Scholz kündigt Konsequenzen an

„Wir haben fünf Menschenleben zu beklagen und über 200 Verletzte, davon viele schwerst und schwer verletzt“, sagte Sachsen-Anhalts Ministerpräsident Reiner Haseloff (CDU) am Samstag nach dem Besuch des Tatorts mit Kanzler Olaf Scholz (SPD). Dieser sagte, fast 40 Menschen seien so schwer verletzt, „dass man große Sorge um sie haben muss“.

Scholz kündigte zudem harte Konsequenzen an. Zunächst müsse man aber genau verstehen, was passiert sei und welche Motive der mutmaßliche Täter gehabt habe. „Dann werden wir mit der notwendigen Konsequenz darauf reagieren“, so der deutsche Kanzler. Es sei wichtig, dass das Land nun zusammenbleibe und nicht Hass das Miteinander der Menschen in Deutschland bestimme. Man werde diejenigen, die Hass säen, nicht durchkommen lassen, sondern mit aller Härte des Gesetzes gegen sie vorgehen, sagte Scholz.

APA/AFP/Ronny Hartmann

Mehrere hundert Menschen versammelten sich zu einem Gedenkgottesdienst im Magdeburger Dom

Am Abend gedachten Betroffene und Angehörige, Einsatzkräfte, Bürger und Bürgerinnen sowie Politiker im Magdeburger Dom der Opfer. An der Gedenkstunde nahmen unter anderem Haseloff, Scholz, Bundespräsident Frank-Walter Steinmeier und Oberbürgermeisterin Simone Borris (parteilos) teil. Vor dem Dom legten Menschen Blumen nieder und entzündeten zahllose Kerzen.

Saudi-Arabien warnte vor Tatverdächtigem

Saudi-Arabien warnte Deutschland Sicherheitskreisen zufolge vor dem mutmaßlichen Täter. Das Königreich habe seine Auslieferung beantragt, darauf habe Deutschland nicht reagiert, hieß es. Der Mann sei Schiit gewesen.
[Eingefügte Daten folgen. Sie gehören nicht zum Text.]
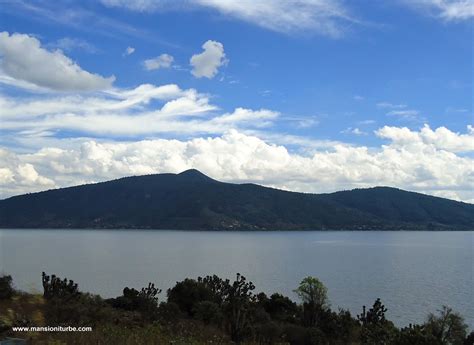 Lago De P Tzcuaro Michoac N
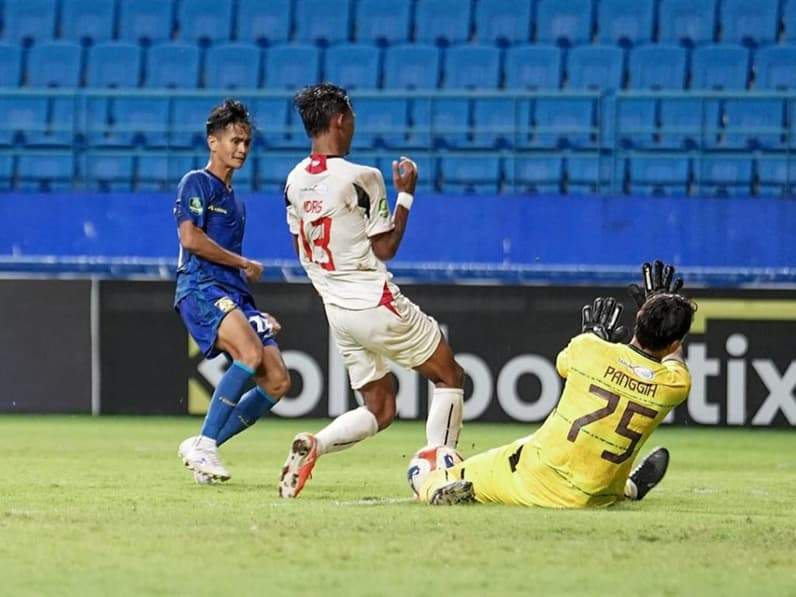 Penyerang lokal andalan Persiba Balikpapan, Lorensius Sabda gagal menyarangkan bola ke gawang lawan di Stadion Batakan, Sabtu (31/1/2026). (Foto: Media Official Persiba Balikpapan)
Nur etwa zehn Prozent der Bevölkerung in dem mehrheitlich sunnitischen Land sind schiitisch. Es gibt immer wieder Berichte über Diskriminierungen gegenüber Schiiten im Land. Nach Informationen der dpa in Berlin hatte es vor rund einem Jahr eine Art Warnhinweis zu dem Mann an die deutschen Behörden gegeben.

Internationales Entsetzen und Mitgefühl

NATO-Generalsekretär Mark Rutte drückte – wie er berichtete – dem deutschen Kanzler sein Mitgefühl aus. Auch Kommissionspräsidentin Ursula von der Leyen verurteilte die Attacke. Die Vereinten Nationen zeigten sich ebenso bestürzt und sprachen den Familien der Opfer, der Regierung und den Menschen in Deutschland Beileid aus.

Mehrere ausländische Regierungen verurteilten die tödliche Attacke. Österreichs Politik zeigte sich schockiert. „Die Nachrichten aus Magdeburg sind erschütternd und machen uns fassungslos. Unsere Gedanken sind in diesen schwersten Stunden bei den Opfern, ihren Familien und den Rettungskräften“, schrieb Bundeskanzler Karl Nehammer (ÖVP) auf X.